9. The contention of the assessee that the payments in question were made to the builder not in the assessment year 2008-2009, but in the earlier years has been rightly rejected by the CIT because, firstly, the payments made in the earlier years if any related to purchase of flat No. B-92 on the 9th floor and not in respect of flat No.A-46 on the 4th floor. If the amounts paid on 07.03.2008 were infact paid in the earlier years, the same would have found place in the agreement dated 07.03.2008. It is relevant to note that on 04.03.2008 (page 62 of the Petition) the assessee claims that there was corrigendum letter issued by the builder to the effect that flat No. A-46 on the 4th floor is being allotted to the assessee, in lieu of flat no. B-92 on the 9th floor as per the earlier allotment letter dated 22.05.1994. If the corrigendum letter was issued on 04.03.2008, then the same would have found place in the agreement, which was executed on 07.03.2008. In the absence of any indication in the agreement dated 07.03.2008 to the effect that the payments made prior to the assessment year 2008-09 is the consideration paid for the flat No: A-46, it is impossible to accept oral contention of the assessee which is contrary to the document on record. Moreover, if the corrigendum letter was infact issued by the builder 04.03.2008 to the effect that flat No.A-46 was issued in lieu of flat No.B-92, the assessee would not have admitted by his letter dated 23.12.2010 that the consideration for flat No:A-46 under agreement dated 07.03.2008 was paid in cash and offer that amount to tax. In view of the categorical admission on the part of the assessee that the amount of Rs. 9,74,775/- were paid in cash, in our opinion, the entire case sought to be made out by the assessee is only an afterthought and therefore, no fault can be found in the order of the CIT in rejecting the revision application of the assessee.
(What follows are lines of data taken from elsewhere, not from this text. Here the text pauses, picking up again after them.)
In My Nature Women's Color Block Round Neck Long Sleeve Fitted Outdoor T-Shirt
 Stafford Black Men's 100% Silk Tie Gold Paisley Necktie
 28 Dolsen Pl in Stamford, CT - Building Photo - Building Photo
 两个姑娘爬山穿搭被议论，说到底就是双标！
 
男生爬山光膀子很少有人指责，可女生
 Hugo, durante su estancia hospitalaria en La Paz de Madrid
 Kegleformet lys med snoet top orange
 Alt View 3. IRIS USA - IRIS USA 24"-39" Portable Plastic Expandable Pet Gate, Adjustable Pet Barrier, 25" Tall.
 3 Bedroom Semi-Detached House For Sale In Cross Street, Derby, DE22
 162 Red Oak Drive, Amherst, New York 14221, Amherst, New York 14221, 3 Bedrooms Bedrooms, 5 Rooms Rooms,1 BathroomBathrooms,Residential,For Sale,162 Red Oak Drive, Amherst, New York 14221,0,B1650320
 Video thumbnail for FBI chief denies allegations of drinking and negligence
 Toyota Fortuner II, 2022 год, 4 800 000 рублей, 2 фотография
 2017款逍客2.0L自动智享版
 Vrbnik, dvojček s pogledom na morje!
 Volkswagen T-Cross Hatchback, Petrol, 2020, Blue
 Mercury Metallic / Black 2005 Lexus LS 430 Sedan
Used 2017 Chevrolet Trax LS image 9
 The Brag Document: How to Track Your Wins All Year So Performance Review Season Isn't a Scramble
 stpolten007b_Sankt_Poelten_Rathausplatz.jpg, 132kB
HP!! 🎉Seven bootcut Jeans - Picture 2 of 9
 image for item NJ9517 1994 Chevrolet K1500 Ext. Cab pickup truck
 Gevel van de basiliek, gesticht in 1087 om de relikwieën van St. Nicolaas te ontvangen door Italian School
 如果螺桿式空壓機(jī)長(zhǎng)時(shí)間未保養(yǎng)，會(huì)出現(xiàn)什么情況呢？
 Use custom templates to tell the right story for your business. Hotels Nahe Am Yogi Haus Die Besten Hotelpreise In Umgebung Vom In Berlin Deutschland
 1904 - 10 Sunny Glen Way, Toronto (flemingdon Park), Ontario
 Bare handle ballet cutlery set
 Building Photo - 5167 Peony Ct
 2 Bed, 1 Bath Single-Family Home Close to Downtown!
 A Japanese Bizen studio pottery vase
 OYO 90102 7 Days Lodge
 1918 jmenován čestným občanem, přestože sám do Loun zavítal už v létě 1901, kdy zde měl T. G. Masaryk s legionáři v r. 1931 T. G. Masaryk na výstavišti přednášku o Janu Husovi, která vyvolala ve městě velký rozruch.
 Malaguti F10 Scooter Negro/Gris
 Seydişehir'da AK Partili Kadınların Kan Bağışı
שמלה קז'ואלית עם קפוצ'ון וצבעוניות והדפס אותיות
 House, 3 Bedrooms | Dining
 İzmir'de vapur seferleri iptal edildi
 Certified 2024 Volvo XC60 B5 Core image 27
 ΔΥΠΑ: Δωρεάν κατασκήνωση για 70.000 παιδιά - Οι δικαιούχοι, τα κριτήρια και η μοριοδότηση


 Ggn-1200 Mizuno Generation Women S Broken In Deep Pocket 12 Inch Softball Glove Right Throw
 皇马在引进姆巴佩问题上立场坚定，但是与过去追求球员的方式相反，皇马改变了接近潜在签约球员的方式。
10. Counsel for the petitioner-assessee strongly relied upon the Judgment of the Gujarat High Court in the case of C. Parikh & Co. v. CIT [1980] 122 ITR 610. In our opinion, the said judgment has no relevance to the facts of the present case. In that case, admittedly over assessment was made due to the assessee’s mistake and accordingly it was held that the commissioner was empowered to grant relief. In the present case, facts on record suggest that the claim now made is contrary to the facts on record and clearly an afterthought. Hence, the decision of the Gujarat High Court in the case of C. Parikh & Co. (Supra) is distinguishable on facts.

11. Strong reliance was also placed by Counsel for the assessee on the decision of the Kerala High Court, in the case of Parekh Bros. v. CIT [1984] 150 ITR 105. In that case, deduction was not claimed during the assessment proceeding or appeals therefrom. In such a case, when an application was made under Section 264 of the Act, it was held that the CIT ought to have considered the claim of the assessee. In our opinion, the said decision has no bearing on the facts of the present case, as the documents now sought to be produced before the CIT do not in any way support the case of the assessee that the agreement dated 07.03.2008 related to purchase of flat No:A-46 in lieu of Flat No: B-92 which the assessee had agreed to purchase in the year 1994. Accordingly, the decision of the Kerala High Court is distinguishable on facts.

12. For the aforesaid reasons, we see no merits in the writ petition and the same is hereby dismissed.